DIRECTIONS: The whole listing below needs to be duplicated exactly, pictures aside.

DATA SHOWN:
----------------

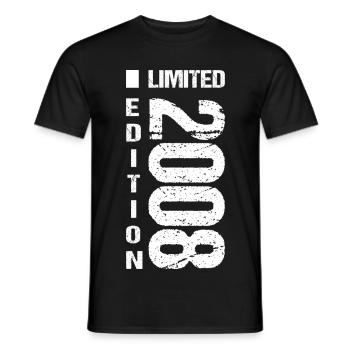 Édition limitée 2008 Vintage 18e anniversaire - T-shirt homme - noir - Devant - AI Model Male 178 light (178cm)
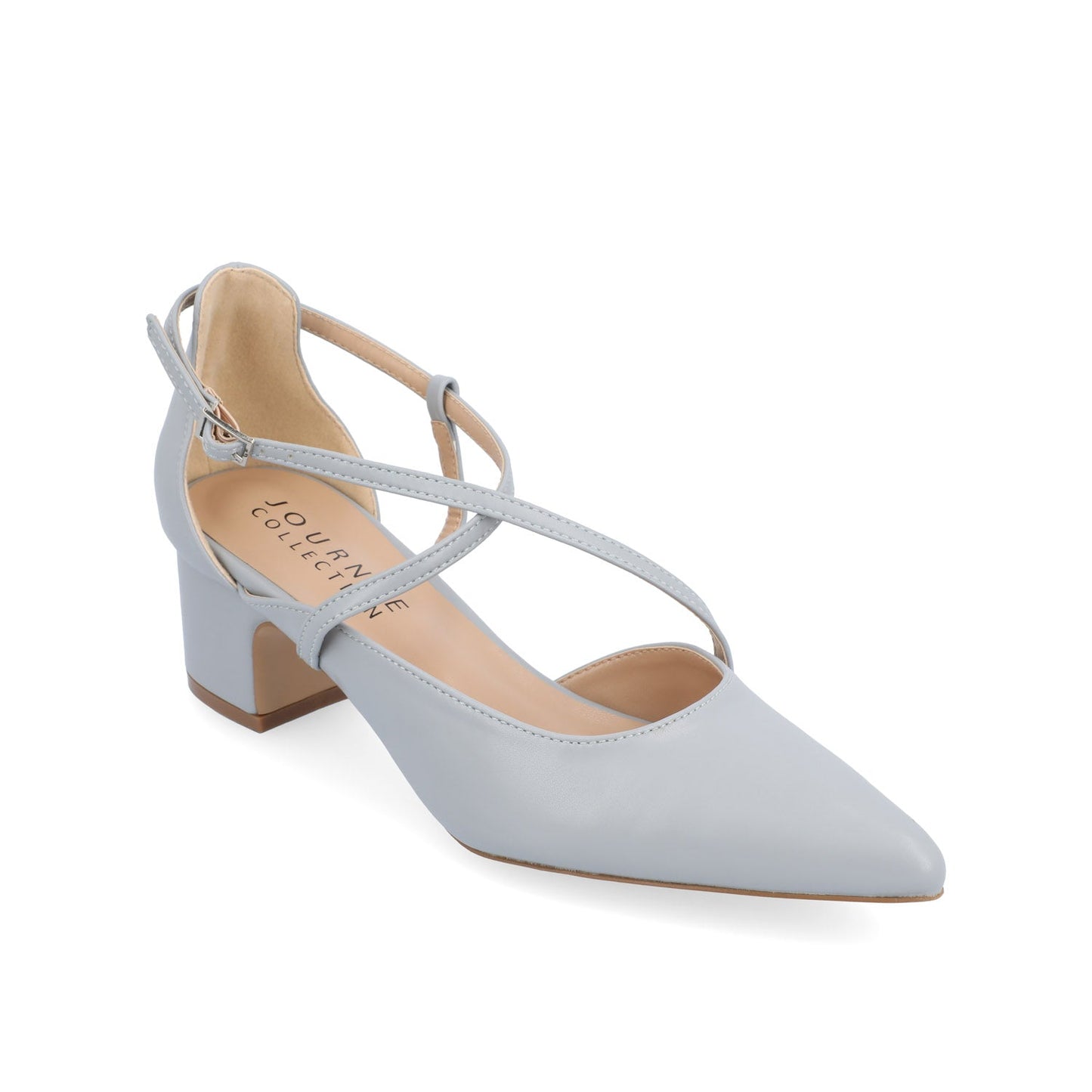 Journee GALVINN LOW BLOCK HEELS IN VEGAN LEATHER - Blue PU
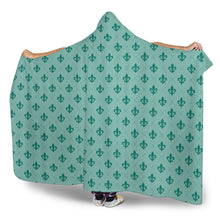 Load image into Gallery viewer, Turquoise Fleur De Lis Hooded Blanket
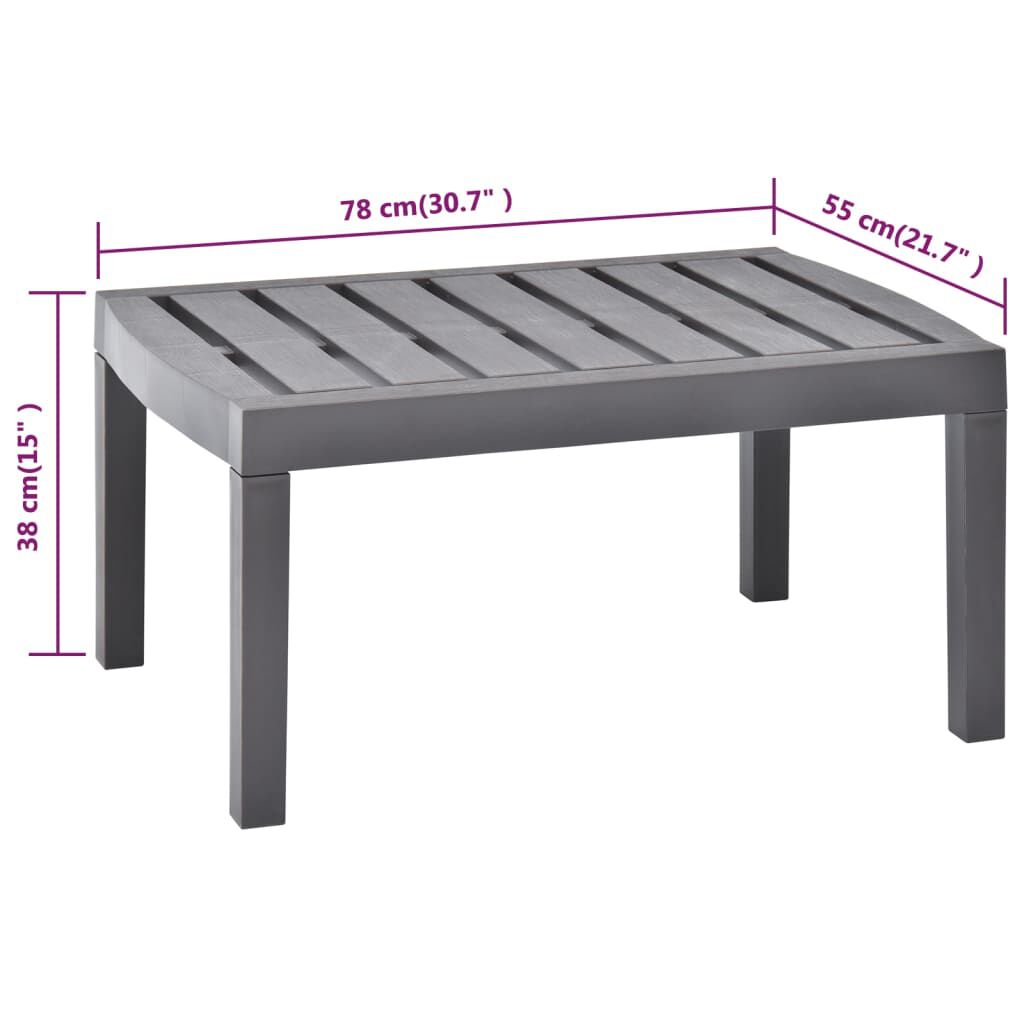 vidaXL Τραπέζι Κήπου Μόκα 78 x 55 x 38 εκ. Πλαστικό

----------------

ANSWER SPACE:
 Édition limitée 2008 Vintage 18e anniversaire - T-shirt homme - noir - Devant - AI Model Male 178 light (178cm)
 Journee GALVINN LOW BLOCK HEELS IN VEGAN LEATHER - Blue PU
 Load image into Gallery viewer, Turquoise Fleur De Lis Hooded Blanket
 vidaXL Τραπέζι Κήπου Μόκα 78 x 55 x 38 εκ. Πλαστικό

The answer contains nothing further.